Inventorying may sound mundane, but the project “helps researchers find previously unavailable information,”says Melanie Hubbard (MA ’11, English), digital scholarship librarian at LMU who is supporting the project.

“This is a project where library science and humanities work well together,” Hubbard adds. “‘How do we categorize things without prejudicing the user?’ That’s a humanities question and a library question.” Hubbard completed LMU’s English Graduate Program before pursuing further study in library science.
The group of graduate students has gathered hundreds of documents to process for the library, most notably a rare copy of an early newsletter of the Southern California chapter of the Black Panther Party.
“Inventorying this incredible material makes the history accessible to people who can use it, so it’s a very worthwhile task,” says Hubbard.
The Southern California Library’s collections are not just available to scholars and historians; they are also available to the public – activists and neighbors interested in the social justice struggles in their city.
“It’s amazing to see the materials they have,” says Mayra Cortez, English graduate student. “I grew up in LA, and this is exposing me to history I didn’t learn in school.”
The archiving project is part of a first-semester critical research methods course in LMU’s English Graduate Program, and this is the second year that the course has partnered with the library. Dr. Dermot Ryan, director of the graduate program, says the class engages students in foundational English skills – research, critical reading, close work with primary sources – while also introducing them to real-world, justice-centered applications of their discipline.

“We’re showing students that a master’s can open up a number of concrete career paths,” Ryan says. Many graduate students successfully place into Ph.D. programs to pursue further English study, but just as many enter the workforce, most frequently in education, publishing or nonprofits.
In the course, students also produce critical readings of individual objects from the Watts collection, identifying elements in the pieces that could contribute to broader historical scholarship. Cortez plans to analyze a sermon given at a local church, which she found while inventorying materials.

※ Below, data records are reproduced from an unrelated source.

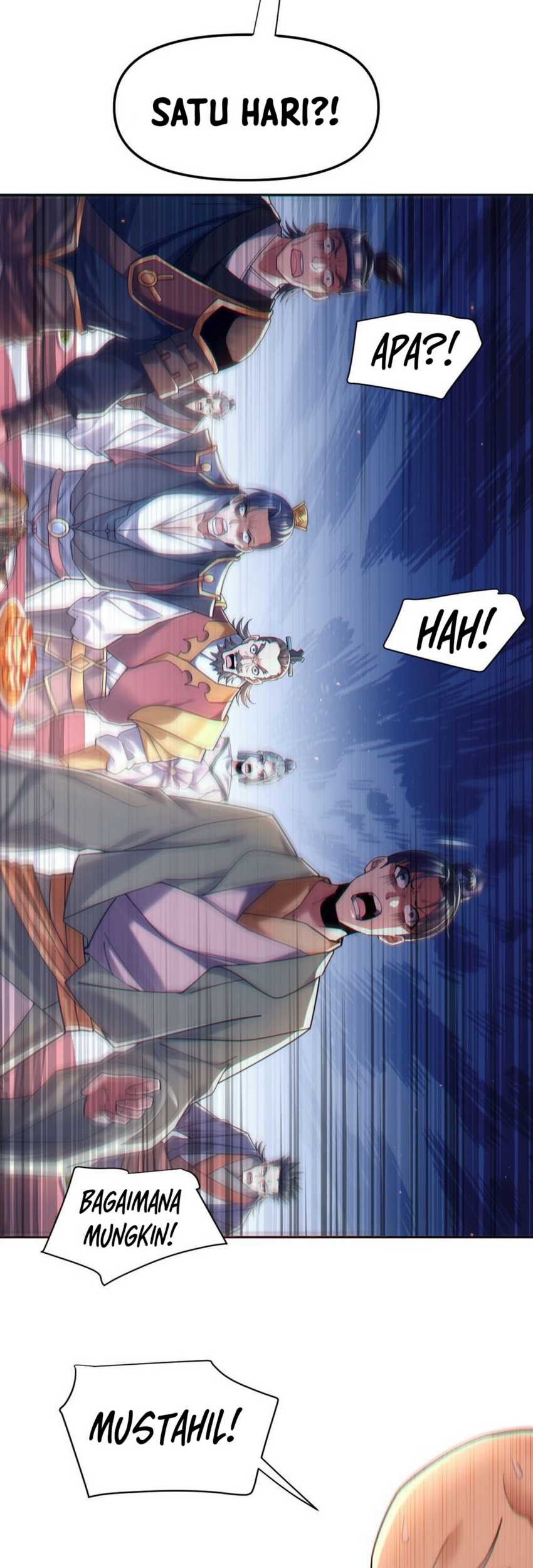 Invincible After Shocking My Empress Wife Chapter 03 Gambar 10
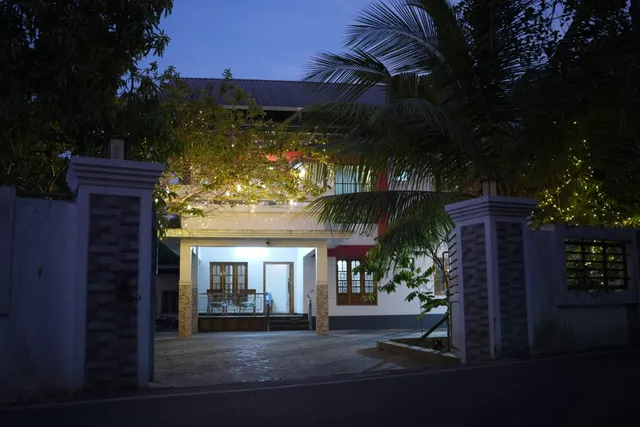 Vintage Villa Apartment Alappuzha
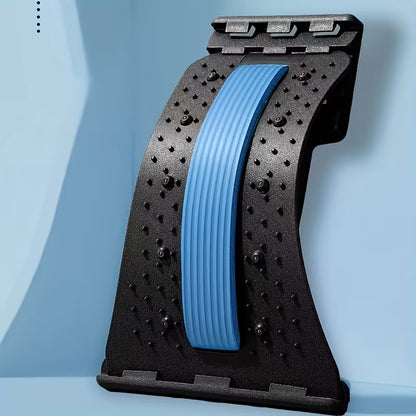 Estirador Lumbar Ajustable 😮+1 REGALO SORPESA 🎁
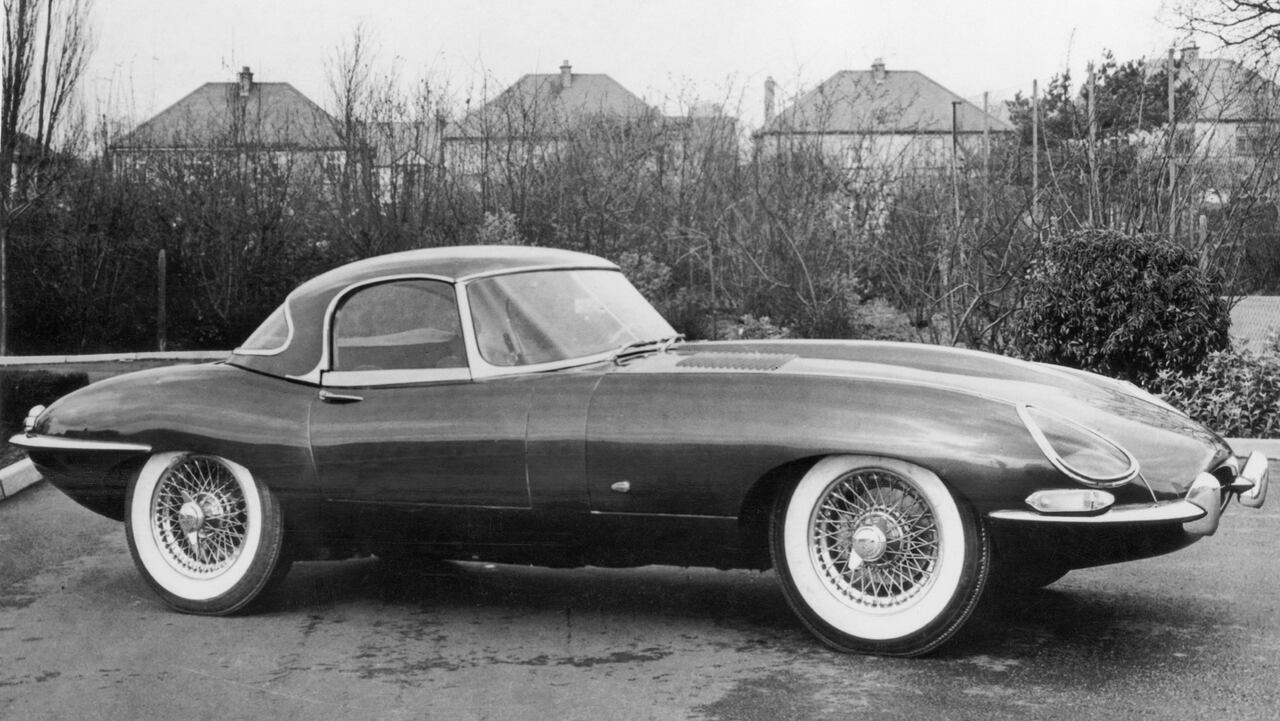 Jaguar E-Type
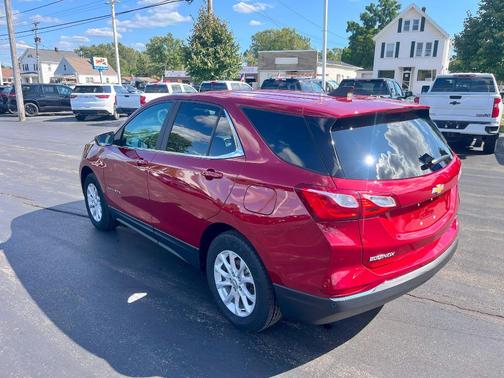 2021 Chevrolet Equinox 1LT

“It’s amazing how a seemingly insignificant piece of paper can open up a whole world that you didn’t expect,” says Hubbard. Those “seemingly insignificant” objects complicate and deepen the public understanding of events that unfolded 50 years ago.
Over the next year, the graduate program plans to collaborate with the Southern California Library to craft a creative digital project with some of the Watts collection. Their shared goal is to bring the Watts materials and the stories they tell to a broad audience online, supporting the Library’s mission to make Los Angeles’ social justice histories as accessible as possible.
“When a community has access to its own history, the real history?” says Cortez. “That’s powerful.”